**TASK INSTRUCTIONS**:
The expected output is a verbatim reprint of the lines from the beginning of the data that follows through the line that contains "Apartament 2 camere".

::: DATA FOR THE TASK

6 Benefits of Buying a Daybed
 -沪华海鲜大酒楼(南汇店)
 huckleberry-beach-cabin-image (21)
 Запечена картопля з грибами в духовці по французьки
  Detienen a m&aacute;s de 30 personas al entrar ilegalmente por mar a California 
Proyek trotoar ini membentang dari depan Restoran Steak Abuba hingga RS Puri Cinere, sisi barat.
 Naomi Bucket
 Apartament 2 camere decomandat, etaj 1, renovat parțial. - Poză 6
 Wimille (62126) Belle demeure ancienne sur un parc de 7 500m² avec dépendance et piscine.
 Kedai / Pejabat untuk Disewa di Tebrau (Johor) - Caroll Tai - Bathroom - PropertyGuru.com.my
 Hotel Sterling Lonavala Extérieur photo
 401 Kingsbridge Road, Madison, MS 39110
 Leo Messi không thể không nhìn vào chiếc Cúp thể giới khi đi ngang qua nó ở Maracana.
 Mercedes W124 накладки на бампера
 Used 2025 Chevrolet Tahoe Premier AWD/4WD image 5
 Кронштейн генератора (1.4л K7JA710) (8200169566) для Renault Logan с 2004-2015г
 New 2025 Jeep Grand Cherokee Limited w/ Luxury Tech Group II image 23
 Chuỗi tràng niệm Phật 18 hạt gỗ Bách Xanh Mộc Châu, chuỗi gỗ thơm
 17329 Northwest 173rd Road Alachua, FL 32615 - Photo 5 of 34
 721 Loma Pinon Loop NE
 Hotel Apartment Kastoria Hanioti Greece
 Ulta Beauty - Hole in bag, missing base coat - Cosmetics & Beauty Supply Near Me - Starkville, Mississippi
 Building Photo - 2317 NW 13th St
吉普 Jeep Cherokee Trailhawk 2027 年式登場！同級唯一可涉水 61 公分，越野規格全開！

::::::

**SOLUTION FOR THIS TASK**:
6 Benefits of Buying a Daybed
 -沪华海鲜大酒楼(南汇店)
 huckleberry-beach-cabin-image (21)
 Запечена картопля з грибами в духовці по французьки
  Detienen a m&aacute;s de 30 personas al entrar ilegalmente por mar a California 
Proyek trotoar ini membentang dari depan Restoran Steak Abuba hingga RS Puri Cinere, sisi barat.
 Naomi Bucket
 Apartament 2 camere decomandat, etaj 1, renovat parțial. - Poză 6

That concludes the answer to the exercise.